Google announced Thursday that its AI chatbot Gemini will now be available to all Mac and Windows desktop users in the United States without a subscription.
Google announced Thursday that it's making its AI chatbot available to all U.S. users for free. File Photo by Hannibal Hanschke/EPA UPI
Sept. 18 (UPI) -- Google announced Thursday that its artificial intelligence chatbot Gemini now will be available to all Mac and Windows desktop users in the United States without a subscription.
In the past, users had to have a Google AI Pro or Google AI Ultra subscription.
The company also announced that Gemini will have agentic capabilities in Chrome, AI Mode in the address bar, automatic password resets, and ability for AI to combat scams.
The chatbot already is available on Android and soon will be available for iOS users.
Agentic capabilities will come soon, meaning Gemini becomes your own personal assistant. It will let Gemini in Chrome take care of tedious tasks, "like booking a haircut or ordering your weekly groceries," Google said. OpenAI launched its own agent, Operator, earlier this year.
Gemini in Chrome can now work across multiple tabs, so you quickly can compare and summarize information across multiple websites. An example Google gives is planning your flight, hotel and vacation activities across multiple tabs. Gemini in Chrome can help you consolidate that information into a single itinerary.

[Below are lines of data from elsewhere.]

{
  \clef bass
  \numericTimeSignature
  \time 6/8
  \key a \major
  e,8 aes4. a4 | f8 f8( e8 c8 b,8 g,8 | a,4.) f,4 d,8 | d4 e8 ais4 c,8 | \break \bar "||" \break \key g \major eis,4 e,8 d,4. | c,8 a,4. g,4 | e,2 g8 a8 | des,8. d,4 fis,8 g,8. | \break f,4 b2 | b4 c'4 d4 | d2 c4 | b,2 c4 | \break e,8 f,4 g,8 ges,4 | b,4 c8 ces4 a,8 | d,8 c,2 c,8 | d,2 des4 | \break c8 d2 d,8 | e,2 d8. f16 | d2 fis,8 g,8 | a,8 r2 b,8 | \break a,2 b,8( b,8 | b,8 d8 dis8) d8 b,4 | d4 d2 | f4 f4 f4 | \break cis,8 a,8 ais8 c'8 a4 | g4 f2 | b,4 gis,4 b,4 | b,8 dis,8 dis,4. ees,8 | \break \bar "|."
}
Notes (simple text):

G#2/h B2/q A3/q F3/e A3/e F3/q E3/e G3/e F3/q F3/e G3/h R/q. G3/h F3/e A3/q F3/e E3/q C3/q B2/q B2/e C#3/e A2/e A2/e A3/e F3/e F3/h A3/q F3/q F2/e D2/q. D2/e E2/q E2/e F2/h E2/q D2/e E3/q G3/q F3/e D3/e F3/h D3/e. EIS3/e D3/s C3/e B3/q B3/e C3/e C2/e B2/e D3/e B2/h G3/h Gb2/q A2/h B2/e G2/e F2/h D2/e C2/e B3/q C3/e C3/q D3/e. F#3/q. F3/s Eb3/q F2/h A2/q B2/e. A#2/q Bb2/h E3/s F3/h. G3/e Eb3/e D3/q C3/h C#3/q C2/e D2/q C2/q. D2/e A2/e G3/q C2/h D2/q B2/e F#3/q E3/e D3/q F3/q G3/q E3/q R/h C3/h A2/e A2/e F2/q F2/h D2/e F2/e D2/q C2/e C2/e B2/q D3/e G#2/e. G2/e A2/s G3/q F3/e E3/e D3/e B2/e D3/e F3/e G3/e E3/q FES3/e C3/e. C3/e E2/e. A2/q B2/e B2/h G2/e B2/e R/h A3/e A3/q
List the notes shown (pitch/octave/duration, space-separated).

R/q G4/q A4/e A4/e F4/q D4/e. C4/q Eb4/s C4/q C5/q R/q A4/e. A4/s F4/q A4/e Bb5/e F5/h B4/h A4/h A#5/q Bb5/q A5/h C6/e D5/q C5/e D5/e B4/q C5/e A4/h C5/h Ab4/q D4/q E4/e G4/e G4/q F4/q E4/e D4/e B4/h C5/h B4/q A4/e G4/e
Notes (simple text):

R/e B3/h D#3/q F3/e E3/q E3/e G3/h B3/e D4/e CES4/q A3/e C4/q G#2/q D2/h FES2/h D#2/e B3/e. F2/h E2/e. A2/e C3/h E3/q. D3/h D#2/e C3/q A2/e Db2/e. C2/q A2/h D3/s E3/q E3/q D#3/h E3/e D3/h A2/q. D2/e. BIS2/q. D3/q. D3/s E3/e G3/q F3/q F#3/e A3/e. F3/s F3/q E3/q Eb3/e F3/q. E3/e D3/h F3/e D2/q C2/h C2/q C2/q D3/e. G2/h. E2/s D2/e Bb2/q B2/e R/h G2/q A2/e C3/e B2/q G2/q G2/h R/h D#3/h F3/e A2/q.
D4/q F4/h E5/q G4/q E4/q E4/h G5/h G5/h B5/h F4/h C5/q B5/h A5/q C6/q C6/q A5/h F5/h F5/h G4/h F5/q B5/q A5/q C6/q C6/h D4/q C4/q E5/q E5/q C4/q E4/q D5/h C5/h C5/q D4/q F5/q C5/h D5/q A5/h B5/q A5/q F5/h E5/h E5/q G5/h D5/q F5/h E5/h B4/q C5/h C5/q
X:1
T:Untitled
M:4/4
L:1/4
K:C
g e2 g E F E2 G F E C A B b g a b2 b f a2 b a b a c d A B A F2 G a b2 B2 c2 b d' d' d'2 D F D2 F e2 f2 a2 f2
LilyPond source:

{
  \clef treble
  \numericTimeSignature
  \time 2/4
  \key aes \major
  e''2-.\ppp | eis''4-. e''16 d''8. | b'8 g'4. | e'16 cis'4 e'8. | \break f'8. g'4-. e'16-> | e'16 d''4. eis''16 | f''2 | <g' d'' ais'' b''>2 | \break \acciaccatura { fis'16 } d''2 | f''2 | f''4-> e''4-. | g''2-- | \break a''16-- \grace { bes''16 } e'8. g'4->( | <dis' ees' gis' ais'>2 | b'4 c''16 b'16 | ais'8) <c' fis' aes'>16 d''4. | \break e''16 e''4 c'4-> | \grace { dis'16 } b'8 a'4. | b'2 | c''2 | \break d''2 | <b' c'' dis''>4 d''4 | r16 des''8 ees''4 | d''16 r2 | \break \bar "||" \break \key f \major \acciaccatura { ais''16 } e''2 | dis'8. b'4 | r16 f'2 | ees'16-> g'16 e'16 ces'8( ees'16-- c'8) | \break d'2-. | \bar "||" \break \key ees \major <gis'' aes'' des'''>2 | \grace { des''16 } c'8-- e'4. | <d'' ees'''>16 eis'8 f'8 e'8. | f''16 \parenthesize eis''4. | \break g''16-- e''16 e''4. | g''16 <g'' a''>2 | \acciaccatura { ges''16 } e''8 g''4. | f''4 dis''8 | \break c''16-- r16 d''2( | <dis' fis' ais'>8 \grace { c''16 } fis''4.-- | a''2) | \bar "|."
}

Google is also integrating Gemini into several Google apps. For example, if you want to find a certain part of a YouTube video, Gemini can do that for you. If you paste a YouTube video link into the chatbot, it can generate a transcript of it.
Users can use AI Mode to search within a page, so if you have questions about a product you're researching, you can ask Gemini instead of reading through the whole page.
Gemini also will change your compromised passwords with one click on certain websites, adding a bit more security.
If you can't find a website you know you recently visited, Gemini can help you find it, Google said. Soon, you'll be able to use Gemini in Chrome to recall it for you. Once launched, "you can try prompts like 'what was the website that I saw the walnut desk on last week?' or 'what was that blog I read on back to school shopping?'"
Earlier this month, Google learned that it will not be forced to sell off Chrome or its Android operating system, but will have to share some of its search engine data with competitors, among other remedies, a federal court ruled Tuesday in an antitrust case that found the U.S. tech giant maintained an illegal monopoly in the search engine industry.
The ruling from Judge Amit Mehta of the U.S. District Court for the District of Columbia is a far cry from the punishment the Justice Department had sought, instead ruling in favor of part of the remedies put forth by both sides.
In August, Google sealed a deal to give U.S. government employees access to its AI and other applications for 47 cents per user, underbidding other AI partners.
The U.S. General Services Administration announced Thursday in a press release it has a contract with Google that will "provide a suite of AI and cloud services that will accelerate the adoption of AI across government" as per the Trump administration's "America's AI Action Plan."